Earlier on I spoke to a recently retired accountant with considerable experience in international trade who concurred that this plan from the EU is completely unworkable because it is technically impossible to comply. They may as well shut down the internet.
More to the point it will act as a massive deterrent to those who might otherwise wish to sell online right at a time when most of the world's economy is in deep trouble, but then again the EU seems to be at the forefront of prolonging the global economic crisis. It's the one area where they lead the world.
Although the UK is providing the MOSS option it will still force sellers in the UK to deal with individual countries over discrepancies in payments and law, so in theory any seller could find himself audited by any of the other 27 countries, even a decade after closing the business. Indeed I am informed that if I make one sale in Hungary I am obliged to go and register there for VAT in person...
Thinking outside the box here I am just wondering if this is one of those cases where changing the product description or online delivery method might be sufficient to legally fall outside the fast approaching mess. For example software sellers always say they are selling a usage licence rather than a product.

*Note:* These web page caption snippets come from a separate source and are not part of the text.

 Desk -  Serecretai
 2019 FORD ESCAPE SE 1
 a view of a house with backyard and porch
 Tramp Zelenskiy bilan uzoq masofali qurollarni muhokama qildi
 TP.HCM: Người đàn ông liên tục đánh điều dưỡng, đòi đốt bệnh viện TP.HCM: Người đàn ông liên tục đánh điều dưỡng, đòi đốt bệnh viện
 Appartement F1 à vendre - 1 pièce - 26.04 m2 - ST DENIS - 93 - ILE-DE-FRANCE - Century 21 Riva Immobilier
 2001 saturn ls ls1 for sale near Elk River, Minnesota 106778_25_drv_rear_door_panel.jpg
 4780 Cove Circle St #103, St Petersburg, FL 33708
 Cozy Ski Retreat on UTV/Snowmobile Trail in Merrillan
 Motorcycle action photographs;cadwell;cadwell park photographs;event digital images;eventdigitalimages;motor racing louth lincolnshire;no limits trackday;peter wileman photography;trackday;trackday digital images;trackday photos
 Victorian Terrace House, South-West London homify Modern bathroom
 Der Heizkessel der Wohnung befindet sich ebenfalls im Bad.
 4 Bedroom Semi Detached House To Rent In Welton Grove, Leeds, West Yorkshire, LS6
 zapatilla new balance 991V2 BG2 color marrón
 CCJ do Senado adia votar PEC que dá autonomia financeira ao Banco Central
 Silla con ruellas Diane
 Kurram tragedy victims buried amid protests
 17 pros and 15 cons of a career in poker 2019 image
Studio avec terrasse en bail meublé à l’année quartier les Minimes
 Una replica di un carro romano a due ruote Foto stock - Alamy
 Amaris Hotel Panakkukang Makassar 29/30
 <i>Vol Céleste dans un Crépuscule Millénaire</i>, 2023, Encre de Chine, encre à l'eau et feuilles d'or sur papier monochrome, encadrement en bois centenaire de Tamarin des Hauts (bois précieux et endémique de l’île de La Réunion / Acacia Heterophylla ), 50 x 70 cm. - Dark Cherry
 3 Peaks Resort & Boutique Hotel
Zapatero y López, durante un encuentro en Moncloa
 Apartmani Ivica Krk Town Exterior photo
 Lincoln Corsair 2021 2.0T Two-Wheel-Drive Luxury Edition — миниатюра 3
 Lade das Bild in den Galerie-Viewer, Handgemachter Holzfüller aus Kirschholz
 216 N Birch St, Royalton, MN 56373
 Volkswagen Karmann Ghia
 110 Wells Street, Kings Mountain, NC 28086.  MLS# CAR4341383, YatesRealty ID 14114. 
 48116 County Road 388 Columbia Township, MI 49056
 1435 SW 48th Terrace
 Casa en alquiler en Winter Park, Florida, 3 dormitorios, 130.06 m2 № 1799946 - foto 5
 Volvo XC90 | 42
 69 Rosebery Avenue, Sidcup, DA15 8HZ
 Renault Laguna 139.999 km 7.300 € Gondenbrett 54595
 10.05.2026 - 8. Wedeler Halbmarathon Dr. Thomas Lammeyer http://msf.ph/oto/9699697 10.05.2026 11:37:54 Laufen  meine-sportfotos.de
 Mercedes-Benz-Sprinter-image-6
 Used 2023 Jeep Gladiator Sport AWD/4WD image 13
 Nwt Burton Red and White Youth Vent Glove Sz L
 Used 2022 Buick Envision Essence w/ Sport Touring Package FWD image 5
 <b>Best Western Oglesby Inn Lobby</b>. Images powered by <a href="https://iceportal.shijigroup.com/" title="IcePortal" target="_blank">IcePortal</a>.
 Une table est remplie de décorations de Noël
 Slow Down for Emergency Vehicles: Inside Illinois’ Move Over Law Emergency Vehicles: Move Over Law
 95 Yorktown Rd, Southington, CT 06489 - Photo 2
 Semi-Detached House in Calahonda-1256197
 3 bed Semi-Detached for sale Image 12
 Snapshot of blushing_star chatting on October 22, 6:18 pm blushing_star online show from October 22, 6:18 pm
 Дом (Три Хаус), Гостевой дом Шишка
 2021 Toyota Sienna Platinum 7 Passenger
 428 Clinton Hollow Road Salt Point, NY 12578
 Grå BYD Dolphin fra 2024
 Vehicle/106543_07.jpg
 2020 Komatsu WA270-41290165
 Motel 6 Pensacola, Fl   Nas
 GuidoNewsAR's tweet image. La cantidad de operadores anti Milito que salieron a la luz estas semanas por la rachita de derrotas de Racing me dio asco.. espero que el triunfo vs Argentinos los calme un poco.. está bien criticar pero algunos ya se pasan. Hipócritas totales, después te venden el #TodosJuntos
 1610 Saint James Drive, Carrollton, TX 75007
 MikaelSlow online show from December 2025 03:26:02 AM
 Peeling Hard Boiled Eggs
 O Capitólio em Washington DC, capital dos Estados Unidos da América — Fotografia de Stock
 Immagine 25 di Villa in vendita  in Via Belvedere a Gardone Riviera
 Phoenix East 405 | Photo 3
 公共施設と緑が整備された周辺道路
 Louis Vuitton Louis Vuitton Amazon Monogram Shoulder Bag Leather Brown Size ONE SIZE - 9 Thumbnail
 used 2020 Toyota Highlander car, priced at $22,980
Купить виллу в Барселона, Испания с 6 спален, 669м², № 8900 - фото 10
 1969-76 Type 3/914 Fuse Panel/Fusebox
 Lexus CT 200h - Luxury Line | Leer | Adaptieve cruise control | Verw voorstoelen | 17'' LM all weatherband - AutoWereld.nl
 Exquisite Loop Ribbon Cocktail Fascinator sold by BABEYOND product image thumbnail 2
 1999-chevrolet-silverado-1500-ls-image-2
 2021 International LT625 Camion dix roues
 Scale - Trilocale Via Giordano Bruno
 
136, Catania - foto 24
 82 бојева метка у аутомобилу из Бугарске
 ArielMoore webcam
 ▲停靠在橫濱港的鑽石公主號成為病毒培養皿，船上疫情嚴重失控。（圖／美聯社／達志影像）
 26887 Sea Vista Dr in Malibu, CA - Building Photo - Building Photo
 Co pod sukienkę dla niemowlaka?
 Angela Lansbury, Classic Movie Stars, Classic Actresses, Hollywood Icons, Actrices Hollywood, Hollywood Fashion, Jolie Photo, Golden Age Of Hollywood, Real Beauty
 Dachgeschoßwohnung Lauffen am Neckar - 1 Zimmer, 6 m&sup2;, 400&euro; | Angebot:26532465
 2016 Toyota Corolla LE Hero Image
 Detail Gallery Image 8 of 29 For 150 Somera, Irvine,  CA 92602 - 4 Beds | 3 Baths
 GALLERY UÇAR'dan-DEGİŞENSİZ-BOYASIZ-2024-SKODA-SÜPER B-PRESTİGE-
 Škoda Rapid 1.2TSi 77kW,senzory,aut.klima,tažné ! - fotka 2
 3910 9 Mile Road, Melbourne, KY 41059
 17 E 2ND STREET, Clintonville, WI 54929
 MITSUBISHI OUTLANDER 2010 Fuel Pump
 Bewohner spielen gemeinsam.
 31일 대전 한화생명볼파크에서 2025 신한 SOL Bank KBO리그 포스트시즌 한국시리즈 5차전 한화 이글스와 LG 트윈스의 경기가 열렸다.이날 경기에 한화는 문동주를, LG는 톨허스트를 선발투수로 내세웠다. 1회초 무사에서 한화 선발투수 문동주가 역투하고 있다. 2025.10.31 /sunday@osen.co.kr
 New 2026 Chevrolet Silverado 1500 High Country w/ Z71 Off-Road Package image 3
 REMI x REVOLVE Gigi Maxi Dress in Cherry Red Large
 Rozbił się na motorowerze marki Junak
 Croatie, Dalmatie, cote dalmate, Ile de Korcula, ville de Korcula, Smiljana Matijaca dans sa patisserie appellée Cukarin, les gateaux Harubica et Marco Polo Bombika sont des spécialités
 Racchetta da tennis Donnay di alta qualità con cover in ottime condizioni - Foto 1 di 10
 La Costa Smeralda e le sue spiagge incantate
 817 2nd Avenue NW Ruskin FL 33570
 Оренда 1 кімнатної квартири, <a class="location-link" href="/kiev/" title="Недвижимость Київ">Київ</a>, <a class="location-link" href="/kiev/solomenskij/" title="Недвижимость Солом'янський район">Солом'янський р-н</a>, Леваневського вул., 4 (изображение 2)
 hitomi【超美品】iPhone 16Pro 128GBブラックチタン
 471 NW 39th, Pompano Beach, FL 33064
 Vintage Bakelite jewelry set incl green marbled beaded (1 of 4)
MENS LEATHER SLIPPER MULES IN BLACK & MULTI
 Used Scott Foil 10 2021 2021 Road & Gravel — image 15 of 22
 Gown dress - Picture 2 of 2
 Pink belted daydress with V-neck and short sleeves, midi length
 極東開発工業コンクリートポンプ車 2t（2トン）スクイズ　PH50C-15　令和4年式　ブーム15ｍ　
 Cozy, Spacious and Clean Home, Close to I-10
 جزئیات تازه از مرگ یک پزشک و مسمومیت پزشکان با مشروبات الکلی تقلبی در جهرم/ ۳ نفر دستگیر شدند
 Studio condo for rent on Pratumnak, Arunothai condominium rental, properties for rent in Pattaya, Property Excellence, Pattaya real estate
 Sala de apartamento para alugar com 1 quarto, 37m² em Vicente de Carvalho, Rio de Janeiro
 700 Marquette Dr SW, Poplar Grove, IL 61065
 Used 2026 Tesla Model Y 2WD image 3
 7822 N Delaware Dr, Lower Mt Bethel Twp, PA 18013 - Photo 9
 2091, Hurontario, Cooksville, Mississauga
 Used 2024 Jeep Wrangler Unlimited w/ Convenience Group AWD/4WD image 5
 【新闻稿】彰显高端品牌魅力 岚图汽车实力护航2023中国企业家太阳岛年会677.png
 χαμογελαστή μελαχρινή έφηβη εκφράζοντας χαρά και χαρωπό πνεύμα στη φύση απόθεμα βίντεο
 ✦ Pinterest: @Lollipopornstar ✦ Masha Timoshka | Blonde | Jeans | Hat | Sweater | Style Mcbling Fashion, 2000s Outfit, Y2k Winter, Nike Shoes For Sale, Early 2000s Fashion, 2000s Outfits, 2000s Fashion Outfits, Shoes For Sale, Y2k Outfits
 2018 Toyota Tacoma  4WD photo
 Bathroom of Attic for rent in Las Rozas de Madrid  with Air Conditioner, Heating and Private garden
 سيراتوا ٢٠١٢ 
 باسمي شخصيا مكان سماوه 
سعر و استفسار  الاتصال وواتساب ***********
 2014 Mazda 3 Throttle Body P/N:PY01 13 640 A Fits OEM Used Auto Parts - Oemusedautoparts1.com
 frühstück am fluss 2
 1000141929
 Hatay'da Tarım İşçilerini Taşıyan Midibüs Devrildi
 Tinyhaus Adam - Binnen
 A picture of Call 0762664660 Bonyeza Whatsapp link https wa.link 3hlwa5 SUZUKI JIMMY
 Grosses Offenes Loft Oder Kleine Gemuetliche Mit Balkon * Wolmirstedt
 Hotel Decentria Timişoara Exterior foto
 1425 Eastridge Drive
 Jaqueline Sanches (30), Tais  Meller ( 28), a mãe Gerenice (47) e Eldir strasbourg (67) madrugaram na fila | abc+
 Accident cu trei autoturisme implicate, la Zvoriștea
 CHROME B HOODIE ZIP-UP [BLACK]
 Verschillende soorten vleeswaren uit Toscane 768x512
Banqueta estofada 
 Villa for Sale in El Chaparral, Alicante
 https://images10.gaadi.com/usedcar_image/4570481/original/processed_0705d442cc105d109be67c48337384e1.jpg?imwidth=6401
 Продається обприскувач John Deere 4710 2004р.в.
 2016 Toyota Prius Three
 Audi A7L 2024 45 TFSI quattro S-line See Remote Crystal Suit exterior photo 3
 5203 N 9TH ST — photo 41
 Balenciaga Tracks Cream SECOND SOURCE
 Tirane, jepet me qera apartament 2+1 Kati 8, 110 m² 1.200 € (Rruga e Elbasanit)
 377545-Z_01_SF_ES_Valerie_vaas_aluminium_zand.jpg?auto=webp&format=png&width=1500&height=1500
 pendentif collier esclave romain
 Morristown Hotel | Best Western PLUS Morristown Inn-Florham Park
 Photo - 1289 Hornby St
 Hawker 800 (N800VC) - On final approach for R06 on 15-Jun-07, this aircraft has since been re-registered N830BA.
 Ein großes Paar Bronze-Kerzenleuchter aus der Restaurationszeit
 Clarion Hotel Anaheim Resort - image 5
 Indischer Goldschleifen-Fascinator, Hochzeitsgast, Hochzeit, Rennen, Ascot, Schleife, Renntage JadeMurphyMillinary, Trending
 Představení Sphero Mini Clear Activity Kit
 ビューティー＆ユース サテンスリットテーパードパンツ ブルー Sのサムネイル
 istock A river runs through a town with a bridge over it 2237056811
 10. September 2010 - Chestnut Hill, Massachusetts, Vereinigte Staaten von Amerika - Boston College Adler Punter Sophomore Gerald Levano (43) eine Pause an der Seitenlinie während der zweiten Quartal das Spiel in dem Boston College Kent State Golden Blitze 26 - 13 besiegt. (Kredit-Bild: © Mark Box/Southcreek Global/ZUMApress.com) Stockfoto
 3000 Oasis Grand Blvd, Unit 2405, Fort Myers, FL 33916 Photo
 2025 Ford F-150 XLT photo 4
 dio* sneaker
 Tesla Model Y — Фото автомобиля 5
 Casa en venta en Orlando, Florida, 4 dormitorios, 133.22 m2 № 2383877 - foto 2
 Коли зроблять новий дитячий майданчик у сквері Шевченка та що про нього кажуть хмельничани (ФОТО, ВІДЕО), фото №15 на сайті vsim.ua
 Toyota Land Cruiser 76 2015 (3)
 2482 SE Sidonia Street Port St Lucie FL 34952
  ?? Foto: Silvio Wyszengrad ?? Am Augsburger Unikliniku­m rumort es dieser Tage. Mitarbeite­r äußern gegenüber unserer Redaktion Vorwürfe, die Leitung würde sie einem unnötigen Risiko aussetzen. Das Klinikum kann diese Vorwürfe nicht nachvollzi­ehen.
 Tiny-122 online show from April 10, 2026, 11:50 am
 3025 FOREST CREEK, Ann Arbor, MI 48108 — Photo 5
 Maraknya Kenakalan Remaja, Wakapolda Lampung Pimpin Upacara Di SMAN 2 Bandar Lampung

Is there any word from PayPal on how this might be handled? It's already hard enough calculating sales when they charge different overseas transaction rates on each country.
Just reading this report from a firm of accountants it looks like the MOSS solution will only be transitional i.e temporary measure... In other words we will eventually have to decide which countries we wish to trade in and then apply to register for VAT in those individual countries. On that basis I would be forced to exclude the entire EU.
http://www.bradleysaccountants.co.uk/news/advice-for-small-businesses/sme-owners-use-twitter-to-protest-2015-eu-vat-rule-changes/801598819
@jp
Just wish to let you know emailing your files to customer still counts as providing digital downloads. The image you linked to... it's misinterpreted. It's meant to exclude biz which provide physical goods but include emailing some attachments.
Read this link here:
1http://ysolda.com/blog/2014/11/26/they-didnt-know-the-impact-of-vatmoss-on-really-small-businesses1
The most astonishing oversight of the buildup to VAT MOSS has been a failure to recognise that the data collection and retention obligations are so onerous that sole traders and the self-employed will be required to register as data processors and controllers with the Information Commissioner’s Office.
I just called up PayPal but they couldn't offer me any kind of useful assistance, merely stating that they won't be changing the way they work. All of this information came from a standard telephone agent though and I think we need some kind of word from higher up the organisation.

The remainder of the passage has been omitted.